The code below calculates the betas for each stock in each industry. The market that we chose to measure the stocks to is the S&P 500, simply because this index is one of the most comprehensive stock indexes available. Even though some of the stocks are Canadian, they tend to be related to the US market so it is still reasonable to compare them to the S&P 500.

In [10]:
# get market data (we are using s&p 500)
market_data = yf.Ticker('^GSPC').history(start=startdate, end=enddate)[['Close']]
market_data.index = market_data.index.strftime('%Y-%m-%d')
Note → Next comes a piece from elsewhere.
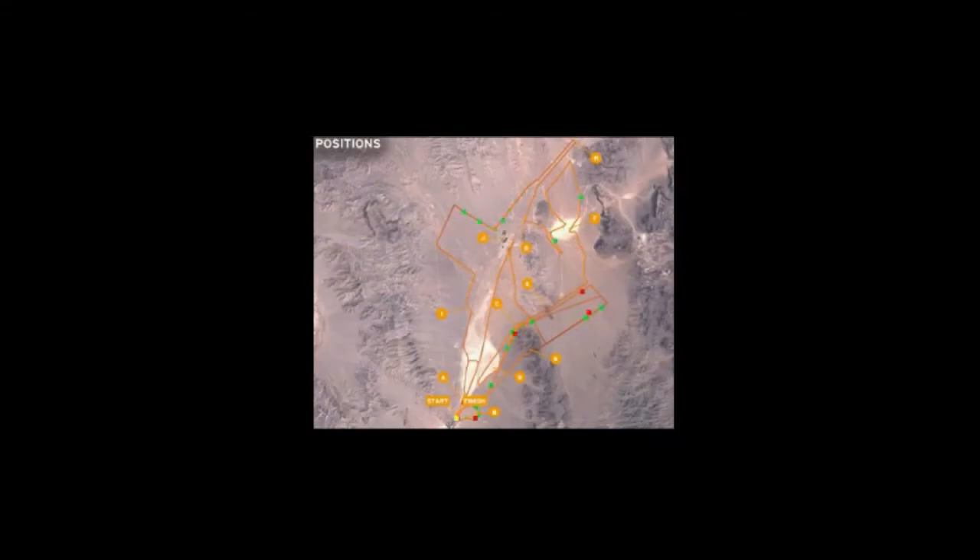This shows the map on which officials and the crowd were able to track the cars' progress in the race. Next we see where Stanley passed Highlander.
# consider beta for each industry (relative to s&p 500)
for sector in stocks_in_industry_list:
    stock_lst = stocks_in_industry_list[sector]
    beta_avg = 0
    for stock in stock_lst:
        ourbeta = calculate_beta(market_data,stock)
        beta_avg += ourbeta
    beta_avg /= len(stock_lst)
    industry_scores[sector] += beta_avg*0.3

In the code, we calculate the average standard deviations of daily returns for the stocks in each industry. A stock with a higher standard deviation tends to have larger daily fluctuations, thus making it more risky. These are the stocks that we want our portfolio to be comprised of.

In [11]:
for sector in stocks_in_industry_list:
    stock_lst = stocks_in_industry_list[sector]
    std_avg = 0
    for stock in stock_lst:
        close_pct = stock['close'].pct_change()
        close_pct.drop(index=close_pct.index[0], inplace=True)
        std_avg += close_pct['Close'].std()
    std_avg /= len(stock_lst)
    industry_scores[sector] += std_avg*20

The following code will compare the average 52 week high and low of each industry against each other. Our reasoning behind this statistic was to look at the previous volatility of the stock. If the resulting number was high, it would indicate a large potiential for movement and would signal a risky investment. If the resulting number was low, it would indicate a low potiential for movement and would signal a relatively stable stock that we do not want for our final portfolio.

In [12]:
for sector in stocks_in_industry_list:
    stock_lst = stocks_in_industry_list[sector]
    hilo_avg = 0
    for stock in stock_lst:
        hilo_avg += stock['info']['fiftyTwoWeekHigh']/stock['info']['fiftyTwoWeekLow']
    hilo_avg /= len(stock_lst)
    industry_scores[sector] += hilo_avg*0.1

In [13]:
# Adjust industry score by the number of stocks within
for sector in stocks_in_industry_list:
    stock_lst = stocks_in_industry_list[sector]
    industry_scores[sector] *= 1-2**(-len(stock_lst))

In [14]:
# convert industry_scores to a list so we can sort it
industry_scores_temp = []
for sector in industry_scores:
    industry_scores_temp.append((sector,industry_scores[sector]))
industry_scores = industry_scores_temp

# comparison function that sorts tuples by their second value in descending order
from functools import cmp_to_key
def sort_by_second_desc(a, b):
    if a[1] < b[1]:
        return 1
    elif a[1] > b[1]:
        return -1
    else:
        return 0
    
#sort industries by aggregate score in descending order
industry_scores.sort(key=cmp_to_key(sort_by_second_desc))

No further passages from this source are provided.